How to Setup an Active Learning Framework for your Object Detection Model

Published in

Ixor

6 min readJan 22, 2020

In a supervised learning context, convolutional neural networks proved to achieve state of the art performance in computer vision applications such as object detection. These algorithms, in general, require a large amount of labeled data, which itself is a very common obstacle since it is time-consuming and very expensive.

In addition, after putting an object detection model in production it is hard to keep track of its performance. In order to keep the performance up, the model should be retrained and updated with the data that it has seen during production. However storing and labelling all the data would generate too much overhead. A common practice is randomly selecting samples to label and retrain the model. This does not solve the real problem since you would be missing on the valuable data that could make a difference in the performance of the model.

Active Learning: Cut Labeling Costs

It is a special case in machine learning used when labeling a dataset is time-consuming and expensive, in addition to having limited processing power and storage.

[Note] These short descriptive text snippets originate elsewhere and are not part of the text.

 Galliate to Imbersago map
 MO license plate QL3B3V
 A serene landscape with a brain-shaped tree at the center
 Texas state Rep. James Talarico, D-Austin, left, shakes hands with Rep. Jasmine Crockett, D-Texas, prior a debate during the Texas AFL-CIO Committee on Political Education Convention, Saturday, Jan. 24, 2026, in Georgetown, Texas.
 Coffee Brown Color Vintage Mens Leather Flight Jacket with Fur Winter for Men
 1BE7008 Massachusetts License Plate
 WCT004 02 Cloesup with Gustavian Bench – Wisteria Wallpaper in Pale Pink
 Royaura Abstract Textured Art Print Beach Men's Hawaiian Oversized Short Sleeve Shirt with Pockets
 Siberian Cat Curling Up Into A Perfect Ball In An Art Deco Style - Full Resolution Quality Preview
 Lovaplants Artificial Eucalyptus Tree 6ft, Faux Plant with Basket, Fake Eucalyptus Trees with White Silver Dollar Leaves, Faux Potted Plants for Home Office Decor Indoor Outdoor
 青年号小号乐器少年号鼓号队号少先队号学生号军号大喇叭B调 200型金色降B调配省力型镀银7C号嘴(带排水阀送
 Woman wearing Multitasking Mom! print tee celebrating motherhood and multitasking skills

By using active learning we can achieve high performance while saving time on labeling and selecting only valuable data.

There are situations in which unlabeled data is abundant but manually labeling is expensive. In such a scenario, learning algorithms can actively query the user/teacher for labels. This type of iterative supervised learning is called active learning. Since the learner chooses the examples, the number of examples to learn a concept can often be much lower than the number required in normal supervised learning. With this approach, there is a risk that the algorithm is overwhelmed by uninformative examples. [1]

Active Learning Proposed Framework for Object Detection

Active Learning in your Object Detection Project

Certainly object detection is a situation where active learning is useful, but when exactly should it be used?

Before production:

When the object detection model is still in the training-testing phase, the data is already collected.

1- Split the dataset: The dataset should be split into training and validation sets. It is very important to keep into account that you should have a sufficiently large validation set and should not be changed. This ensures that you can keep track of the model’s performance metrics after each training process since you are constantly updating the training set.

2- Split the training set: The training set should be split into multiple subsets, which will then be used iteratively to retrain the model.

3- Label a subset: The first training subset should be labeled manually by drawing the bounding boxes on the objects needed to be detected in the future.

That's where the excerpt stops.